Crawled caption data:

○ ○ ○ ○ ○ ○ ○

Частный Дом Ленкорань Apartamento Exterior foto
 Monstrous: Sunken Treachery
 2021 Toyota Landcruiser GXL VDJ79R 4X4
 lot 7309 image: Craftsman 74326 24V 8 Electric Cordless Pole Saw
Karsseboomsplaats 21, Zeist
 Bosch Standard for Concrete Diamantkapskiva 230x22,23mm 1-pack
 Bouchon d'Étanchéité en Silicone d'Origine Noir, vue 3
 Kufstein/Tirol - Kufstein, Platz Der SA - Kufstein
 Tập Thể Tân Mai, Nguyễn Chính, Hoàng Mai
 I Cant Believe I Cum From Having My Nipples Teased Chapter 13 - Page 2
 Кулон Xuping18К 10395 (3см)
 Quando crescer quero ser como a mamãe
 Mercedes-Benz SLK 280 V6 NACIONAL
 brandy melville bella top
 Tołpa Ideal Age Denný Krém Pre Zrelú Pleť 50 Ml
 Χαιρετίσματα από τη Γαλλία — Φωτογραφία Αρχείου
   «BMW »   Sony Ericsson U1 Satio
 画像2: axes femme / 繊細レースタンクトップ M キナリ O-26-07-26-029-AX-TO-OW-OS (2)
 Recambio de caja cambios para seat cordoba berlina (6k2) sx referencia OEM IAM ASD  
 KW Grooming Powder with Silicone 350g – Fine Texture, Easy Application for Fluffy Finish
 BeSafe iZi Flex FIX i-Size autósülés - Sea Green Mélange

○ ○ ○ ○ ○ ○ ○

## EXERCISE DETAILS
Send back an exact copy of only the lines from the line with "2021 Toyota Landcruiser GXL VDJ79R 4X4" up to and including the line with "Tập Thể Tân Mai, Nguyễn Chính, Hoàng Mai" in the data above.

## SOLUTION
 2021 Toyota Landcruiser GXL VDJ79R 4X4
 lot 7309 image: Craftsman 74326 24V 8 Electric Cordless Pole Saw
Karsseboomsplaats 21, Zeist
 Bosch Standard for Concrete Diamantkapskiva 230x22,23mm 1-pack
 Bouchon d'Étanchéité en Silicone d'Origine Noir, vue 3
 Kufstein/Tirol - Kufstein, Platz Der SA - Kufstein
 Tập Thể Tân Mai, Nguyễn Chính, Hoàng Mai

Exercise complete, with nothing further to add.